En ce jour anniversaire de l'armistice qui a terminé la guerre de 1914-18, j’ai l’honneur de vous présenter les réflexions suivantes dans le dessein d'obtenir d’être appelé comme témoin lors du procès de Riom.
J’ai le souvenir de l'immense soulagement que nous avons ressenti, nous, les combattants, le 11 novembre 1918 parce que prenaient fin nos souffrances de guerre. J’ai aussi le souvenir du leitmotiv des discours et des écrits des dirigeants de la France d'alors : écrasons le militarisme allemand et nous n'aurons plus de guerre. J'ai enfin le souvenir du serment que j'ai fait et qu'ont fait mes camarades des tranchées : Nous jurons de faire tout notre possible pour empêcher qu'une pareille tuerie frappe nos enfants.
Militant, puis député du parti communiste, j’ai, avec des millions de Français, respecté cet engagement et lutté contre toutes les menaces de guerre. Nous avons dénoncé le caractère impérialiste des guerres du Rif et de Syrie. Nous avons sans cesse agi pour que la France ait une politique de paix. Nous avons, avec force, dénoncé la trahison des intérêts de la France, de son peuple, par des gouvernants lors des accords de Munich. Nous avons, en octobre 1939, une fois de plus, tenu notre serment de lutte contre la guerre impérialiste en demandant que soient étudiées les éventuelles propositions de paix. C'était là le but de la lettre que le Groupe ouvrier et paysan français de la Chambre des députés, dont je faisais partie, écrivait au président de cette Assemblée.

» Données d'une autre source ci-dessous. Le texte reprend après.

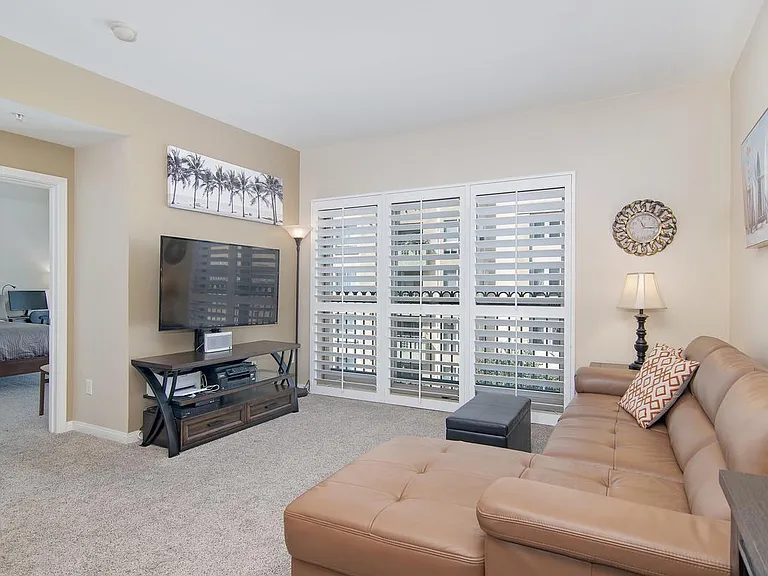 450 J St #4291 — Photo 5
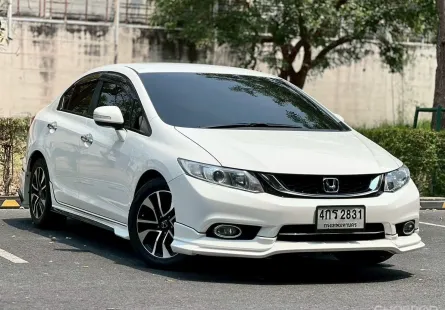 Honda Civic FB 1.8E เครื่องยนต์: เบนซิน เกียร์:AT ปี:2015 สี:ขาว 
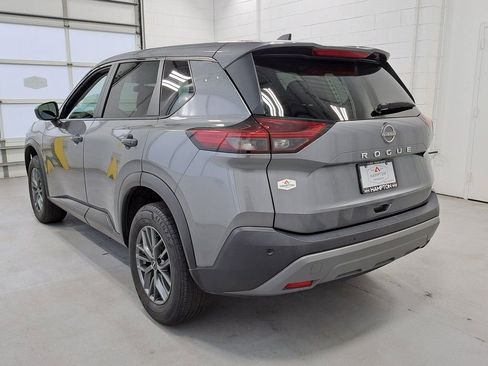 Used 2023 Nissan Rogue S image 7
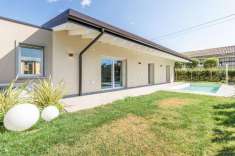 Foto Villa in vendita a Castiglione Delle Stiviere
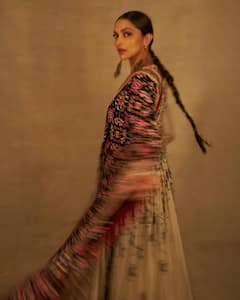 एक ही दिन में दिखें दीपिका पादुकोण के दो जबरदस्त लुक, ट्रेडिशनल में खूबसूरत तो वेस्टर्न में लगीं स्टाइलिश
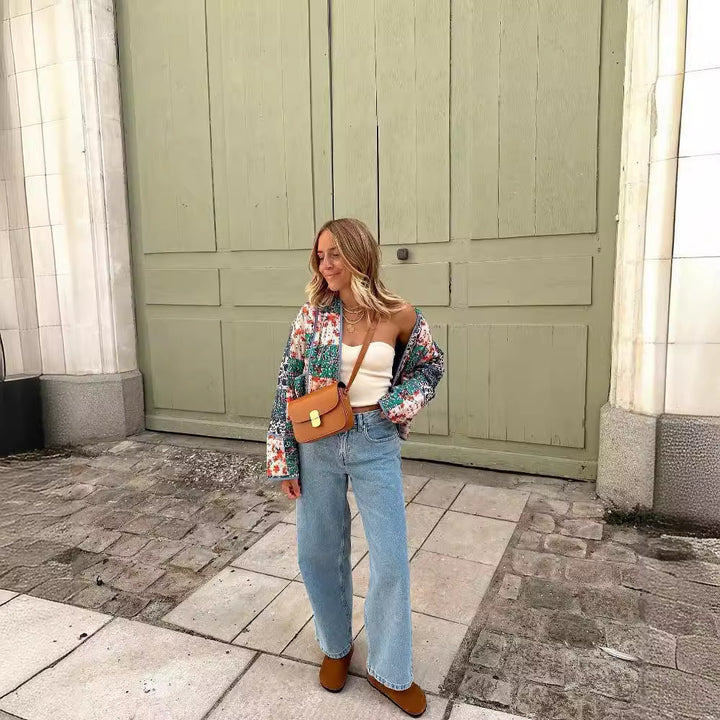 Damer quilted jakke med blomsterdesign og stilige kontrastdetaljer Skjora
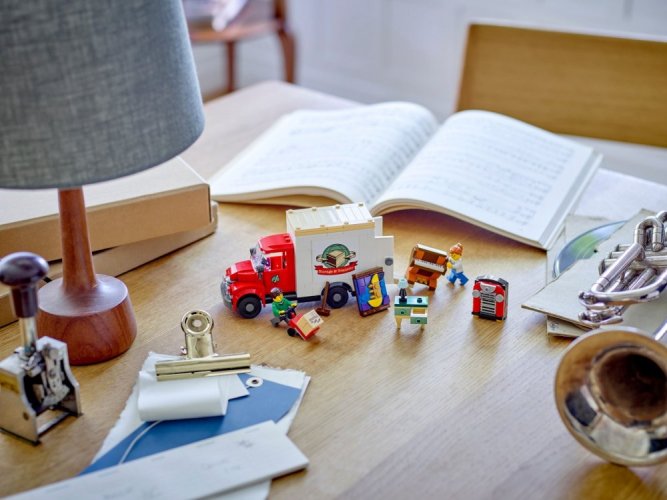 LEGO® 40586 Költöztető teherautó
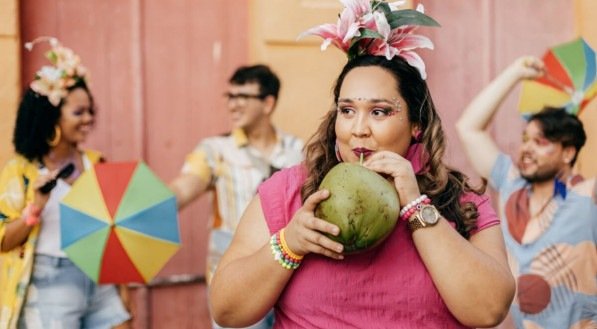 É fundamental cuidar da alimentação durante o Carnaval (Imagem: Kleber Cordeiro | Shutterstock)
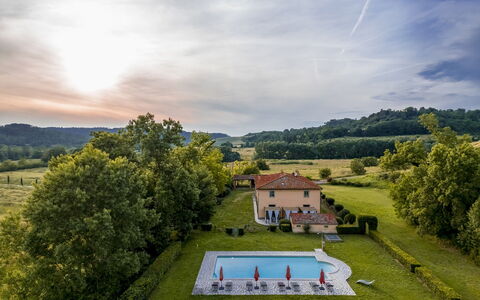 Villa Iside 8: Piscine, Biens, Pelouse, Ferme, Parc, Villa, Hacienda, Ferme, Manoir, Eco Hôtel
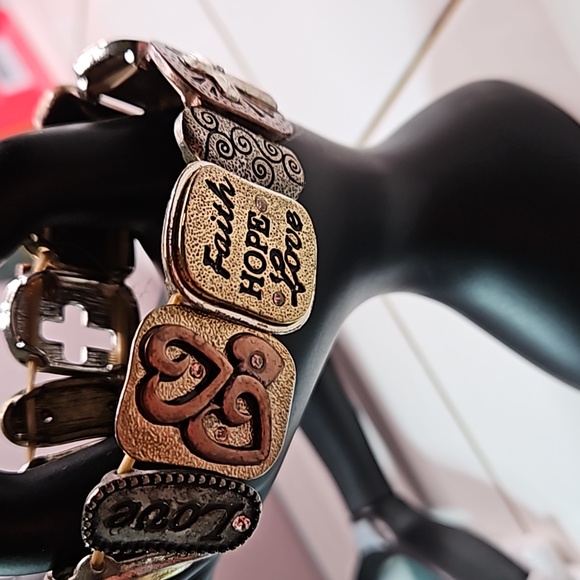 7" Stretch Bible VerseCeltic Charm Bracelet- Beautiful - Picture 4 of 9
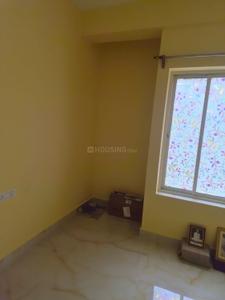 Bedroom Image of 800 Sq.ft 2 BHK Apartment / Flat for rent in Purba Putiary Kolkata for Rs. 17000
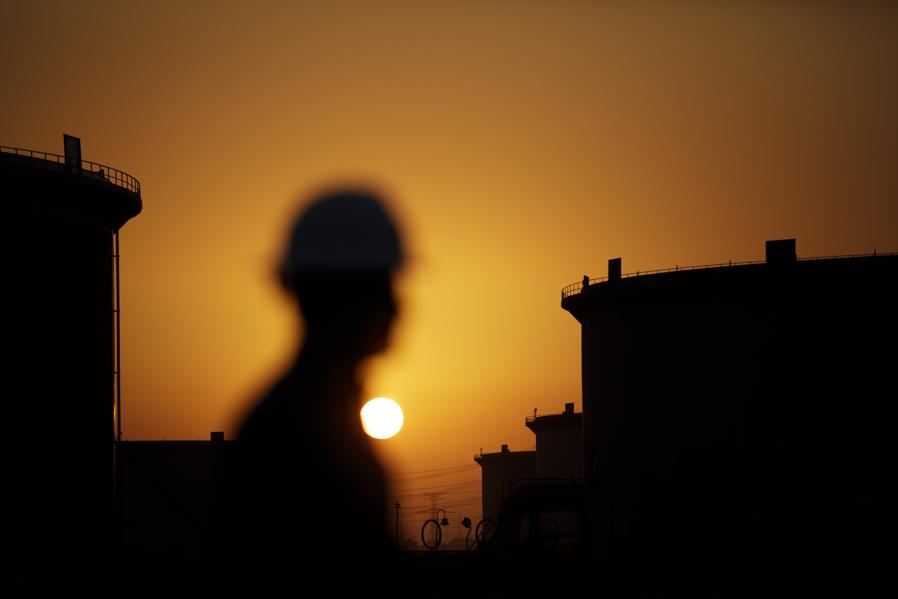 Why It Matters How Much Oil Saudi Arabia Has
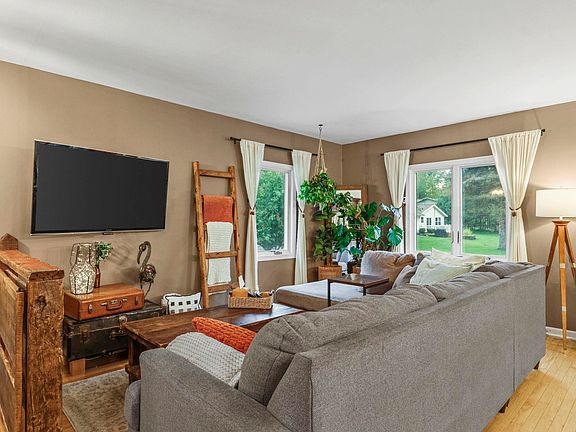 5th image of 615 Hyland Dr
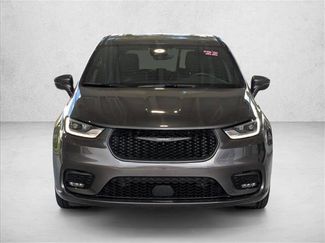 Used 2022 Chrysler Pacifica Limited w/ Uconnect Theater Family Group FWD video 2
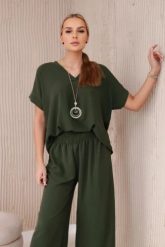 Komplet z naszyjnikiem bluzka + spodnie khaki. Brązowe bluzki KESI, l, z aplikacjami, z dresówki, biznesowe, bez kołnierzyka, plus size, bez ramiączek. Za 229.98 zł.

C'est une imposture et une vile calomnie d'affirmer que cette lettre avait une autre intention. C'est un infâme déni de justice que de nous avoir fait condamner à 5 ans de prison, à 4.000 francs d'amende et à la privation des droits civils et politiques pour ne pas avoir désavoué cette lettre et ne pas avoir trahi notre serment d‘éviter à la France une nouvelle guerre, comme nous en avions reçu mandat de 1.500.000 électeurs français.
Cette iniquité, ce sont les ex présidents du Conseil Daladier et Paul Reynaud qui l’ont commise. Maintenant ces hommes politiques sont accusés d’avoir voulu et déclaré illégalement la guerre dont notre pays subit et subira les terribles conséquences. Ils sont traduits devant le Tribunal suprême de Riom. Je demande à être entendu à sa barre comme témoin à charge. Je le demande comme homme politique. Je le demande comme lieutenant de l'armée française ancien combattant, blessé trois fois et décoré de la croix de guerre et de la croix de la Légion d’honneur. Je le demande comme père de deux garçons, que j'ai eu la douleur de voir faire la guerre en cours. Je le demande comme citoyen français qui a consacré sa vie à défendre réellement les intérêts du peuple de France.
Veuillez agréer, Monsieur le Maréchal, mes salutations les plus distinguées.


Signé : Virgile BAREL.
ex-député des Alpes-Maritimes,
détenu à la prison de Valence (Drôme).